The cleverest people have been tricking rocks into thinking, making the best CPUs for gaming while they're at it.
A report on Korean site, Etnews, states that SUMCO, a Japanese silicon wafer manufacturer, which it says caters for two thirds of the world’s wafer market, is reporting a 20% increase in the price of silicon wafers compared with the same time last year.

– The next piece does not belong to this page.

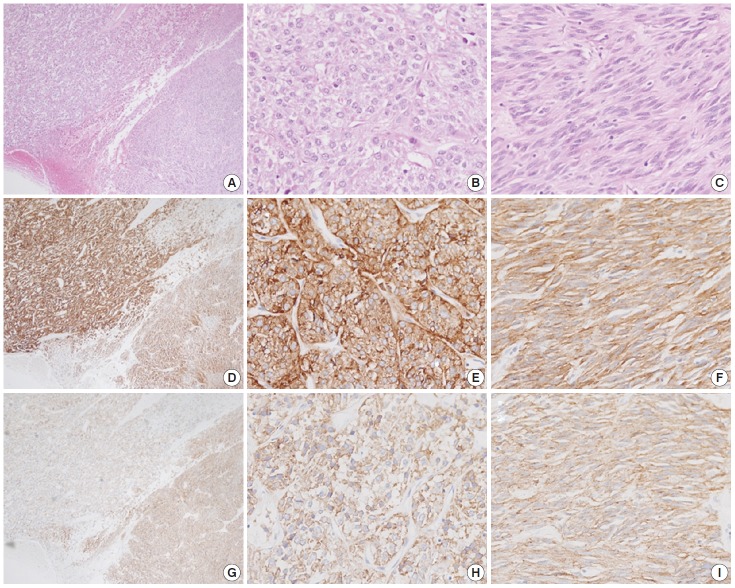 Cytokeratin-positive gastrointestinal stromal tumor of biphasic morphology: a case report.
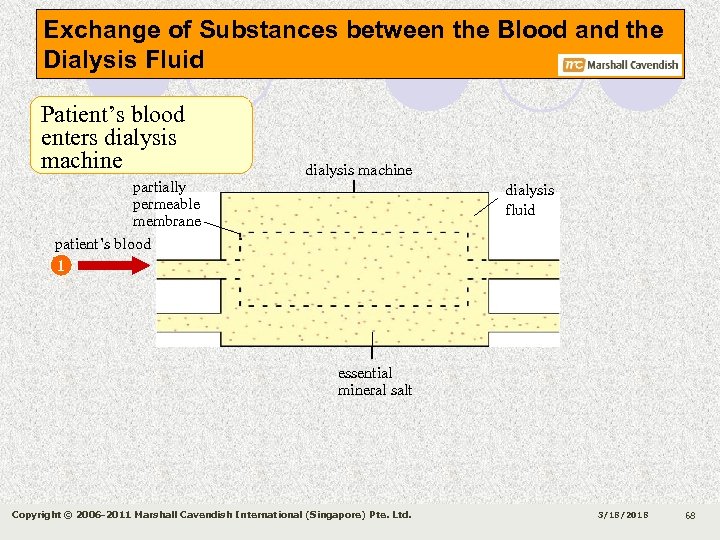 Exchange of Substances between the Blood and the Dialysis Fluid Patient’s blood enters dialysis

That’s not all, they’re also looking to raise the price by another 20% next year, and by an undisclosed amount in 2019 too.
“We are also planning to increase price of silicon wafer by 20% in 2018.” said SUMCO CEO Hashimoto Mayuki. “Price of silicon wafer will continue to rise in 2019.”
The key part of that quote is “planning to increase.” You see, this price hike seems to be nothing to do with supplies of silicon running dry or manufacturing facilities collapsing, at least not for any natural reasons.
Demand is continually increasing for the wafers as they form the basis of every chip in every bit of tech you own. It’s DRAM which is mostly driving demand, with the likes of Samsung announcing extensions of their own production facilities, but your GPUs, CPUs, and NAND flash all start out life etched onto a silicon wafer too. SUMCO estimates that global wafer demands will go up by 1 million units per month to 6.6 million units per month by 2020.
But in order to not keep up with demand manufacturers such as SUMCO and Shin-Etsu Chemical are seemingly being deliberately slow at expanding their manufacturing facilities to cope. And with demand outstripping supply they can pretty much do whatever they like with the price, and they seem to like increasing it by 20% year-on-year. So that's where we are.
In short you can expect the price of tech to just keep on going up and up until you’re left with either making the choice of putting down a deposit on a house or on a new graphics card. Either that or we find a new material to build our chips out of.